Literatura Infantil (1880-1910)

 
Receios                
No mar

 

 

O MEDO.

 

NÃO tenhas medo, Carlotinha; é o vento

Nas ávores uivando; é o vento apenas;

Vê como eu não me assusto, e, ouvido atento,

Escuto-lhe as estranhas cantilenas.

 

O medo é cousa fútil; é fraqueza.

Olha: uma vez, só uma, eu fui medrosa;

Era de noite e eu me sentia presa

De uma angústia pungente e dolorosa.

 

Na véspera finara-se a vizinha

- Uma mulher de vago olhar tristonho,

Como a Virgem das Dores - e, sozinha

No quarto, eu a revia como em sonho.

 

Por entre os vidros da janela, em frente,

Se arqueava o céu, tão cheio de mistério!...

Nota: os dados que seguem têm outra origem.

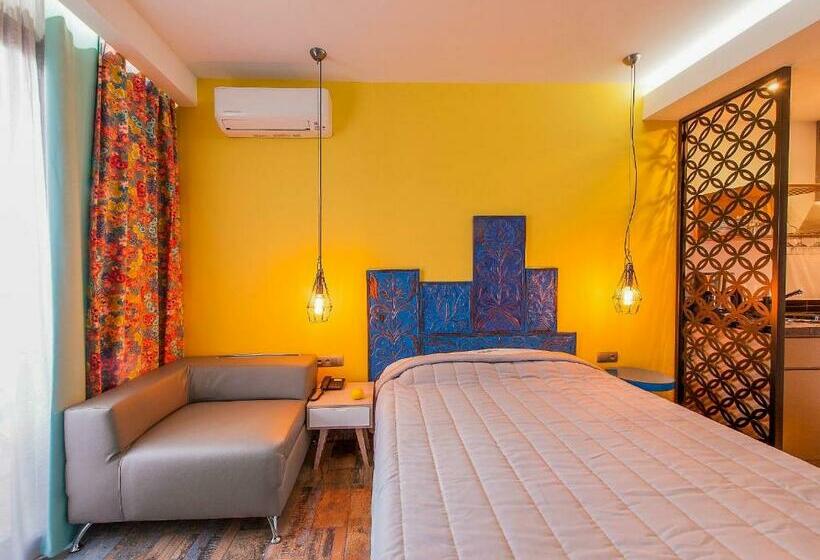 Студия Стандарт, Thalassokipos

Embaixo, no jardim, tudo silente:

A tristeza feral de um cemitério!

 

Vinha do alto, ou não sei de onde, um ruído

Macio e fofo qual rumor de penas,

E, pávida no leito, alerta o ouvido,

Eu escutava respirando apenas.

 

Vieram-me logo à idéia estranhos vultos,

Pesadelos de monstros e de feras,

Batalhões de finados insepultos,

E fantasmas, e sombras, e quimeras,

 

Quis elevar a voz: faltou-me o alento;

Apertava-me o seio força ignota;

Levantar-me - impossível! baldo intento!

Ai, que suplício padeci, Carlota!

 

Oh! se Mamãe chegasse!... arfante, ansioso,

O coração falava-me pulsando,

E o rumor continuava pavoroso,

E eu me encolhia, trêmula, chorando.

 

Que seria, meu Deus?! A luz escassa

Extinguia-se, débil e mortiça;

E a claridade, entrecortada e baça,

Tinha um tremor de sombra movediça.

 

Ergui-me a custo e dei um passo adiante;

Assaltavam-me fortes arrepios;

Acendi nova luz, mais outra, e, arfante,

Olhei em roda, toda em suores frios.

 

De sombras, nada, - o estranho murmurinho

Calara-se também, - todo o aposento

Era tranqüilo e calmo como um ninho,

E a coragem voltou-me, e a força e o alento.

 

Mamãe chegou, soube de tudo, e, pronta,

Quis visitar o quarto; e, na visita,

Nada... Somente, nas cortinas, tonta,

Debatia-se trêmula avezita.

 

Mamãe sorriu-se e cariciosa disse:

"Vês?... Tu sonhavas tanta cousa informe!...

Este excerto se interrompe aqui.